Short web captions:
━━━━━━━━━━━━━━━━━━━━━━━━━━━━━━
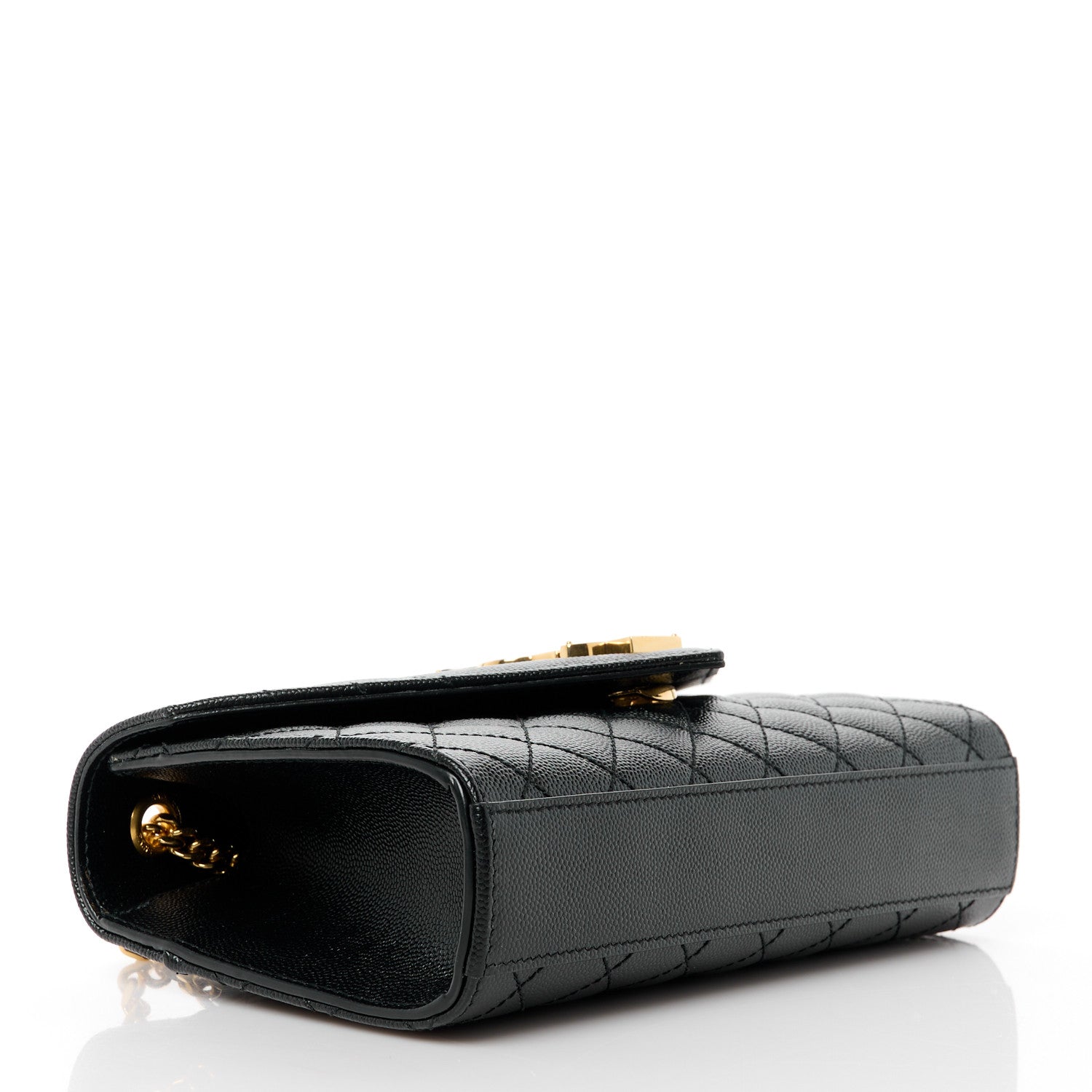 Saint Laurent Grain De Poudre Textured Mixed Matelasse Triquilt Small Monogram Satchel Black 4 of 11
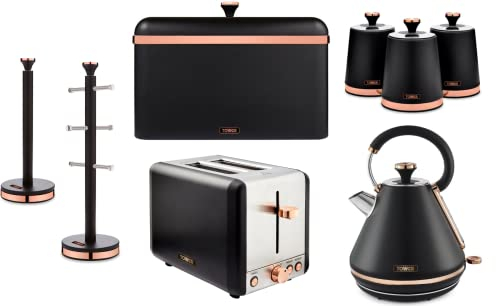 TOWER Cavaletto Black & Rose Gold Pyramid Kettle, 2 Slice Toaster, Bread Bin, Set of 3 Tea, Coffee, Sugar Canisters, Mug Tree & Towel Pole. Matching Kitchen Set of 8 Items in Black & Rose Gold
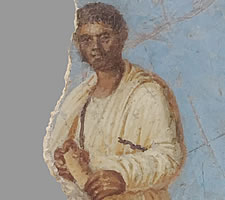 'Man with scroll (NOT Catullus)' – wall painting from the Museo Archeologico di Sirmione
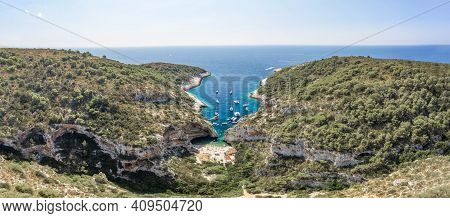 Aerial Panoramic View Of Sheltered Stiniva Cove Beach Of Adriatic Sea On Vis Island In Croatia Summe
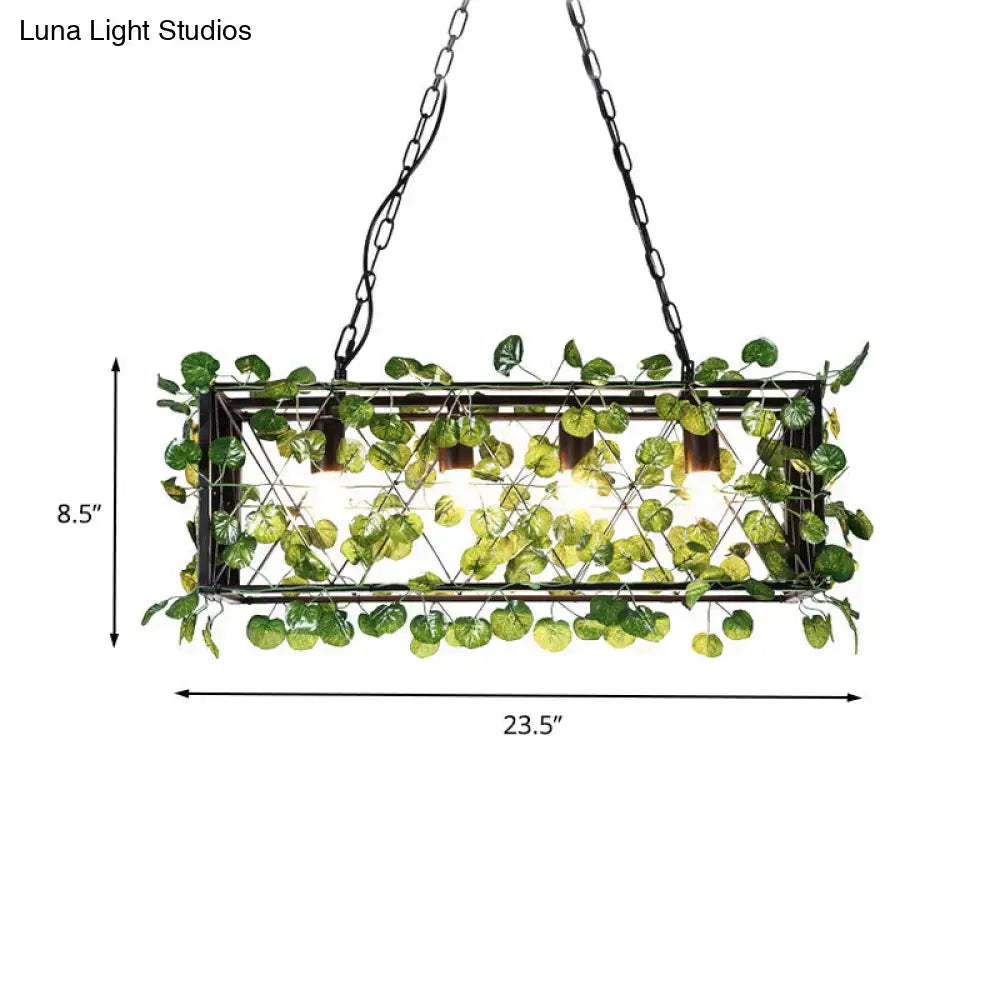 Decorbites metal island pendant in antique black rectangular metal island with LED lighting and green ivy decor
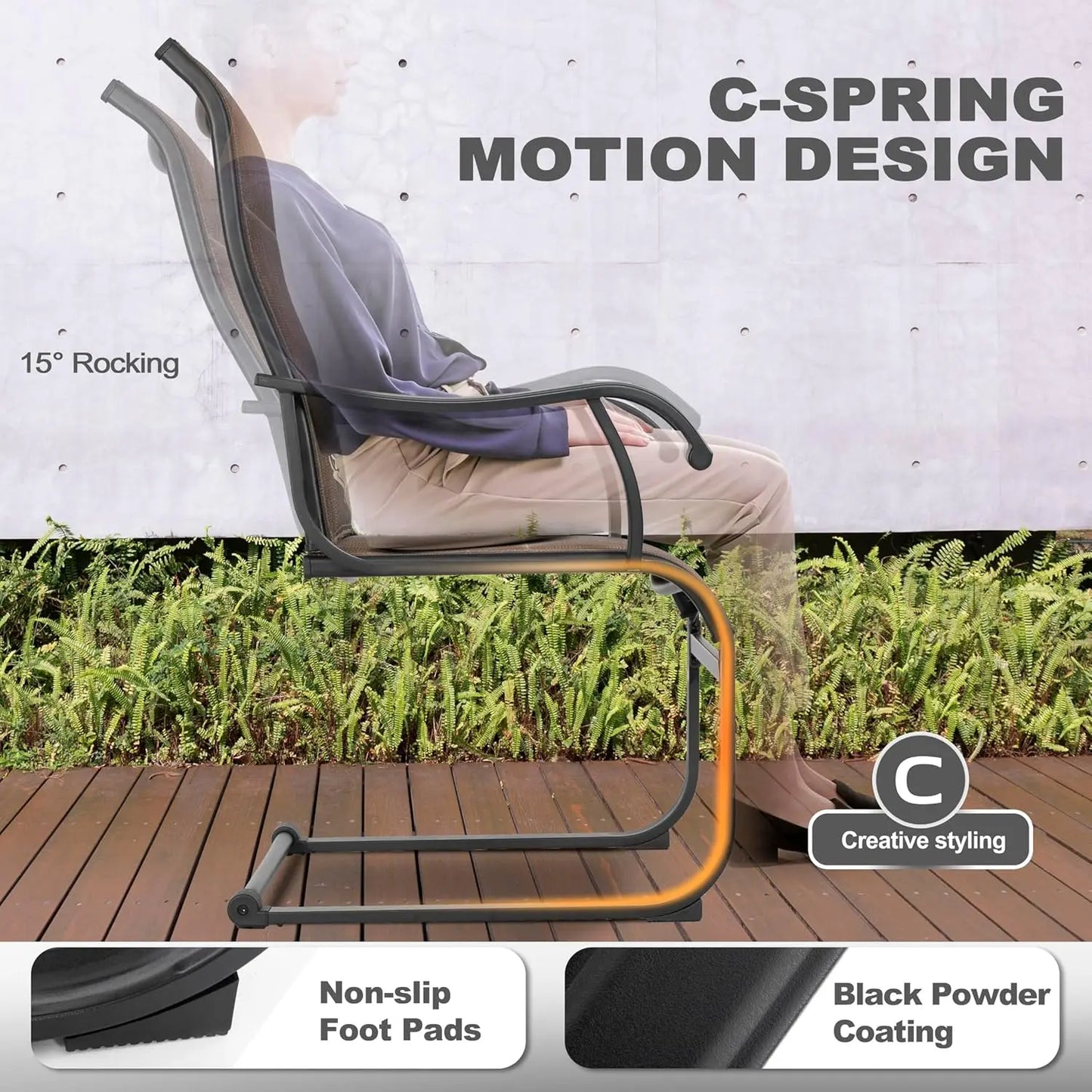 Patio Dining Chairs Set of 2, All Weather Outdoor Padded Textilene Patio Chairs, Breathable Spring Motion Textile, Customized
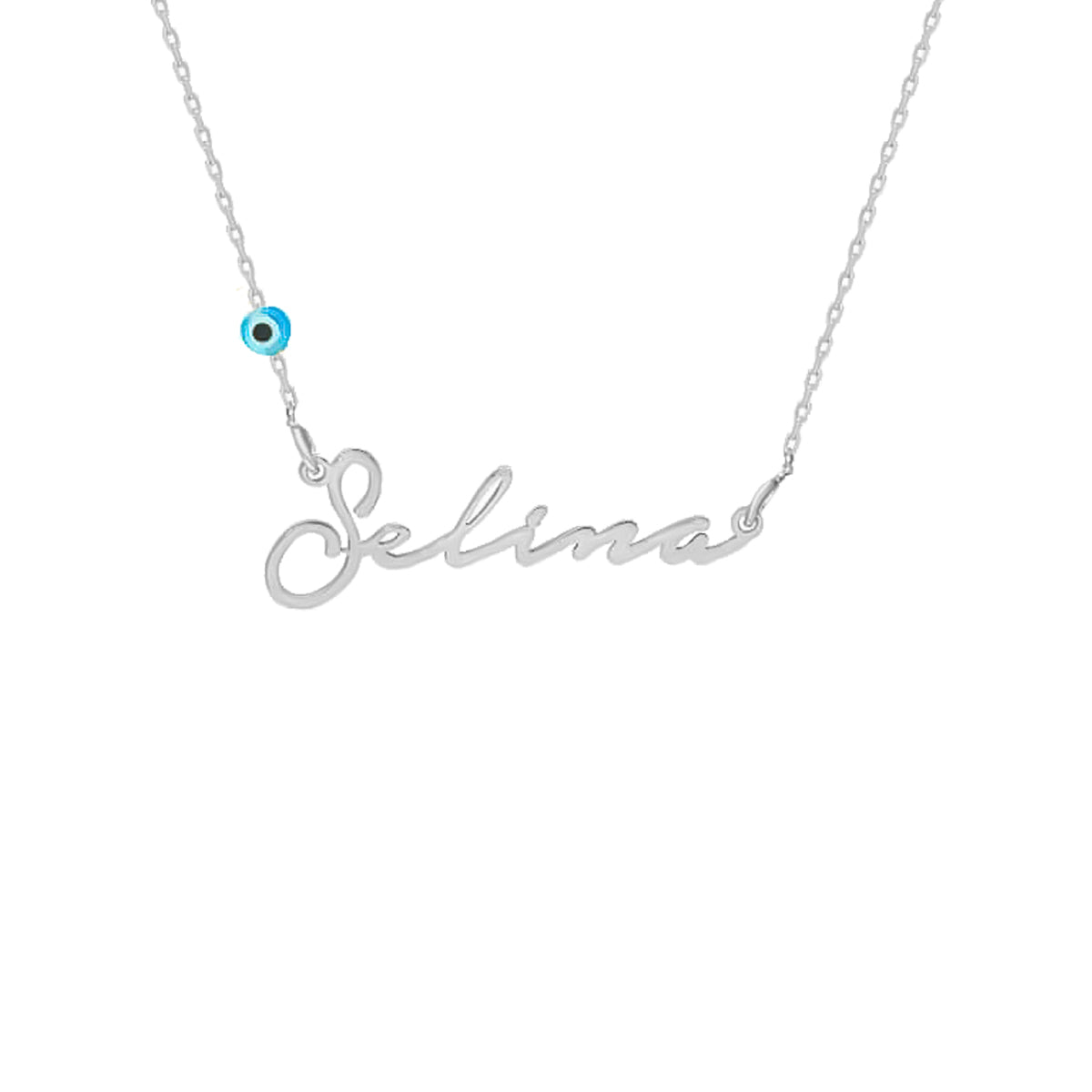 Kardelen Signatur Kette - Waagerecht mit Blaue Nazar Auge - 925 SILBER Auslauf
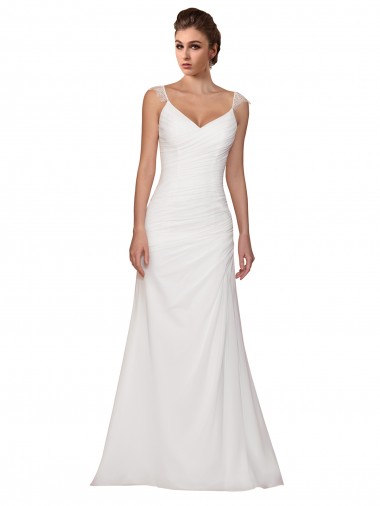 Marfil Cubierta Cuello en V Cola capilla Gasa Vestidos de novia Tiendas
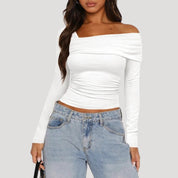 Off Shoulder Top – Long Sleeve – Casual Chic Style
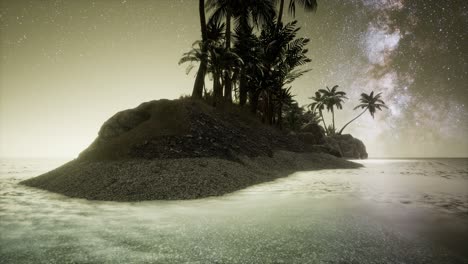 hermosa playa tropical de fantasía con estrellas de la vía láctea en el cielo nocturno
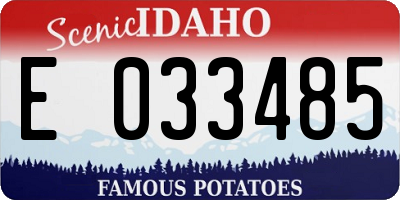ID license plate E033485
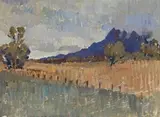 Northern Landscape (Flinders Ranges Landscape With Rain Approaching) by Horace Trenerry, c.1930, oil on canvas-board, offered Nov 2013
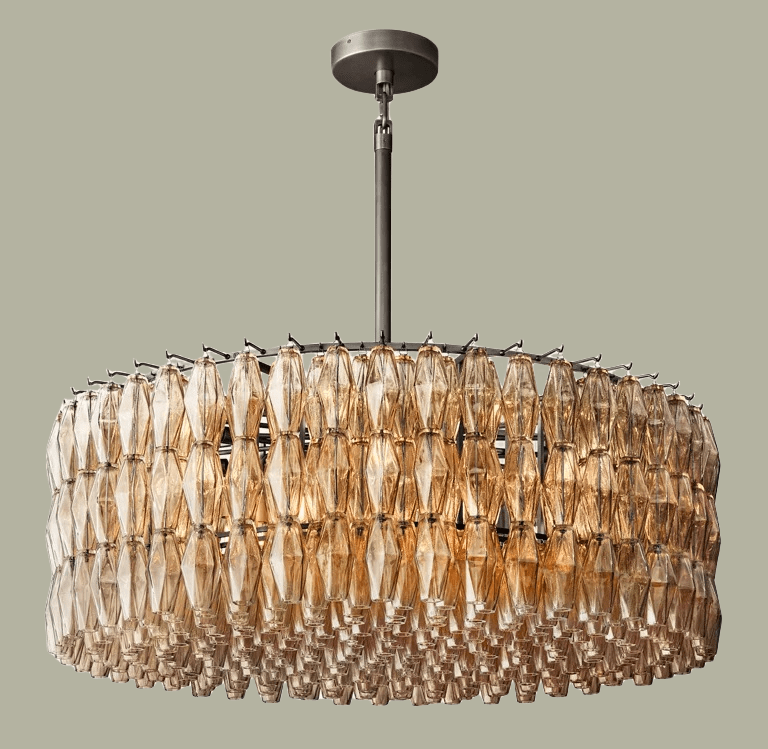 Chiaravalle Smoke Glass Round Chandelier 37"47‘’62‘’ - GILDLAMPS
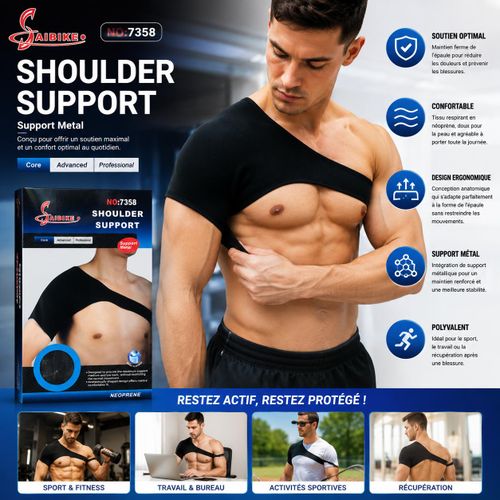 Épaulière de Maintien et Protection SAIBIKE (NO:7358) – Bandage Épaule en Néoprène Ajustable avec Support Métallique pour Sport, Musculation & Confort Articulaire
━━━━━━━━━━━━━━━━━━━━━━━━━━━━━━
TASK GOAL: Every line from the one containing "hermosa playa tropical" to the final line of the records must be transcribed exactly, both ends included, with the pictures left out.

ANSWER BELOW:
 hermosa playa tropical de fantasía con estrellas de la vía láctea en el cielo nocturno
ID license plate E033485
 Northern Landscape (Flinders Ranges Landscape With Rain Approaching) by Horace Trenerry, c.1930, oil on canvas-board, offered Nov 2013
 Chiaravalle Smoke Glass Round Chandelier 37"47‘’62‘’ - GILDLAMPS
 Épaulière de Maintien et Protection SAIBIKE (NO:7358) – Bandage Épaule en Néoprène Ajustable avec Support Métallique pour Sport, Musculation & Confort Articulaire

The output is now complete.